A porgere il saluto iniziale è stato il compagno Gianni Vuoso che ha ricordato i particolari della visita che Lenin fece dell’isola, come è narrato in alcune opere. Vuoso ha poi sottolineato l’importanza del grande padre della Rivoluzione d’Ottobre, che ha permesso al proletariato russo di prendere il potere; che ha descritto Lenin come colui che ha realizzato una società anticolonialista come l’URSS; un filosofo autore di opere immortali come “Che fare” e “Stato e Rivoluzione”, dove è tracciata la strada per costruire una società socialista; e ha anche aggiunto le sue critiche al parlamentarismo che sono poi alla base della scelta astensionista promossa dal PMLI alle ultime elezioni regionali. L’intervento del compagno Vuoso si concludeva con l’applauso dei presenti
Con le bandiere del Partito ben in vista accanto alla targa, al fascio di fiori e ad un vistoso totem che mostra l’adesione di varie associazioni all’iniziativa, si sono succedute le prime foto e subito dopo la parola è passata al compagno Nicola della Cellula “Vesuvio Rosso” che è intervenuto in modo essenziale ed incisivo e che non ha dimenticato certo di sottolineare la necessità di battere il governo di Mussolini in gonnella, invitando i presenti a votare No al prossimo referendum (si veda il discorso completo di Nicola). Anche in questo caso i presenti gradivano l’intervento e lo sottolineavano con applausi.

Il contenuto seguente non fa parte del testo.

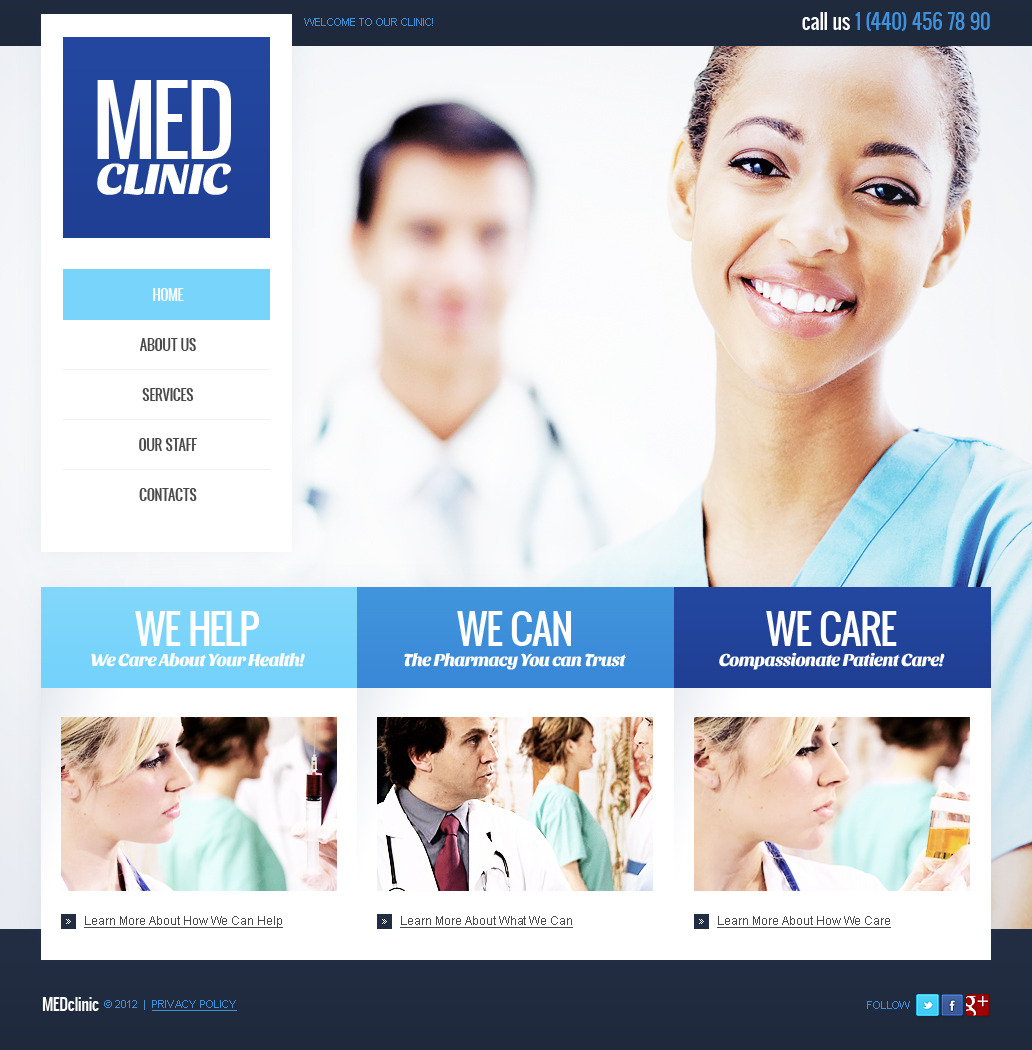 Med Clinic Website Template with a Photo Background - MotoCMS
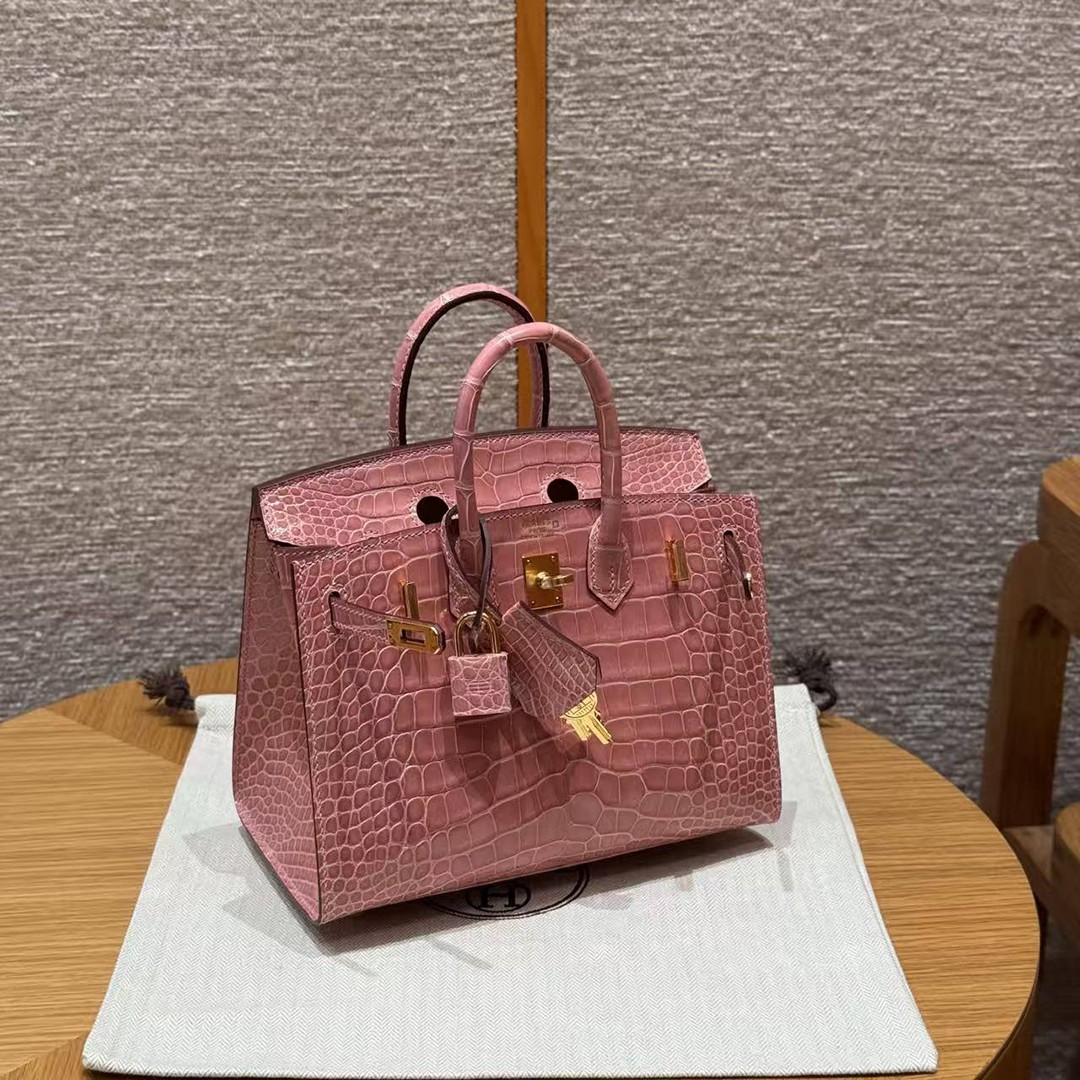 Hermes Birkin 20 Bag 1Q Rose Confetti Handmade In Bright American Alligator Leather Gold Hardware - Image 15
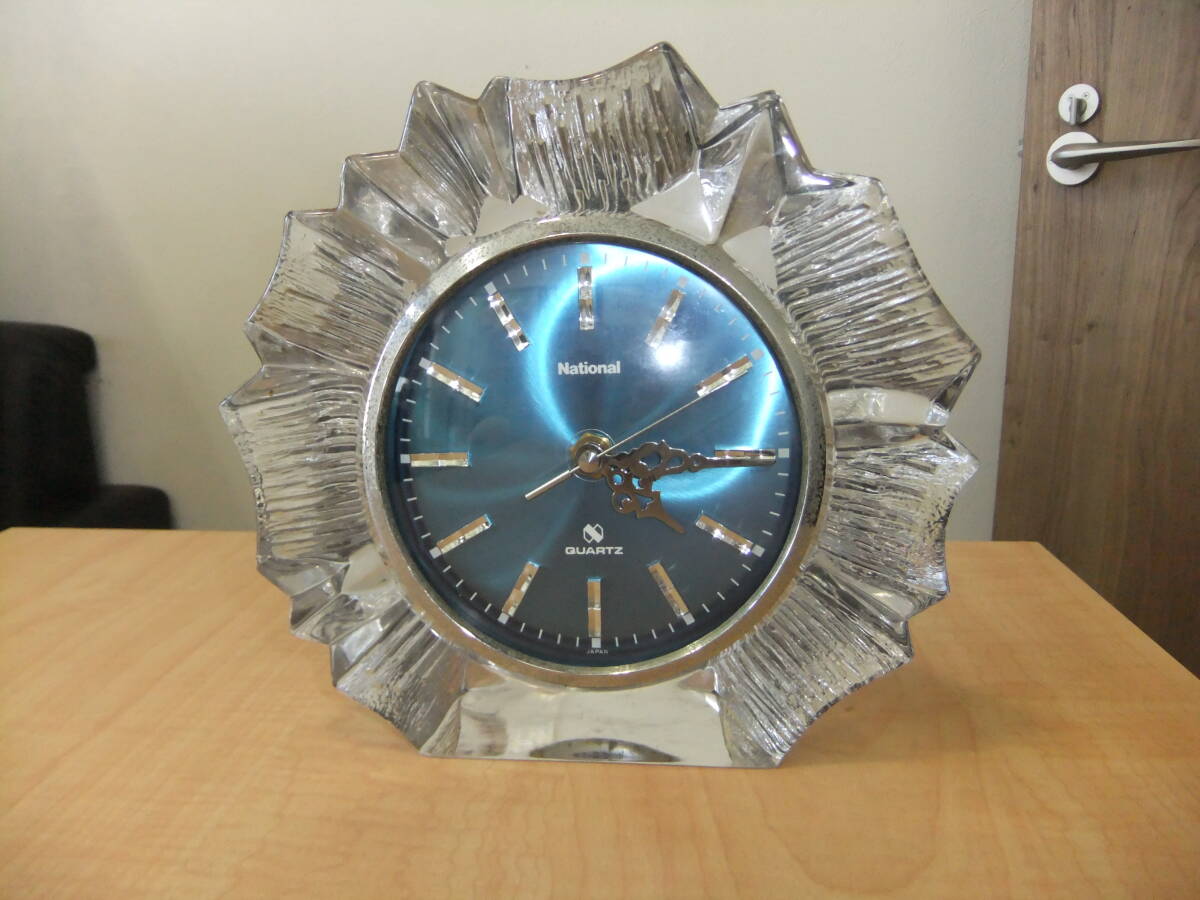 昭和レトロ　ナショナル　ガラス　置時計　稼働品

La targa per Lenin nel parco che ospita l’importante Museo archeologico di “Pithaecusa” (dove è esposta la famosa Coppa di Nestore, prima testimonianza della presenza greca sull’isola) è da un anno, un doveroso appuntamento per i marxisti-leninisti che si aggiunge a quelli già noti di Cavriago e di Capri dove si erge il monumento realizzato da Manzù.
Ad allietare l’incontro sono state le pregiate note dell’artista musicale Daniele “Ubik” con il suo sassofono, art performer con oltre vent’anni di esperienza nel mondo della musica, erede del famoso maestro Franco Coppola (primo flautista al Teatro San Carlo di Napoli e sassofonista di fama internazionale). Ora i visitatori che non sono mancati fino ad oggi, per curiosità o per interesse culturale e politico, troveranno la targa arricchita dal vistoso omaggio floreale e dal totem che ricorda l’importante evento.
Appena dopo l’evento sono venute, molto gradite, le parole del compagno Scuderi, Segretario generale e Maestro del PMLI, “congratulazioni e grazie di cuore per il successo ad Ischia”. L’evento è stato vergognosamente ignorato dalla stampa partenopea con esclusione di quella locale, in particolar modo “Ischia press”, che ne ha dato ampio risalto già giorni prima dell’evento.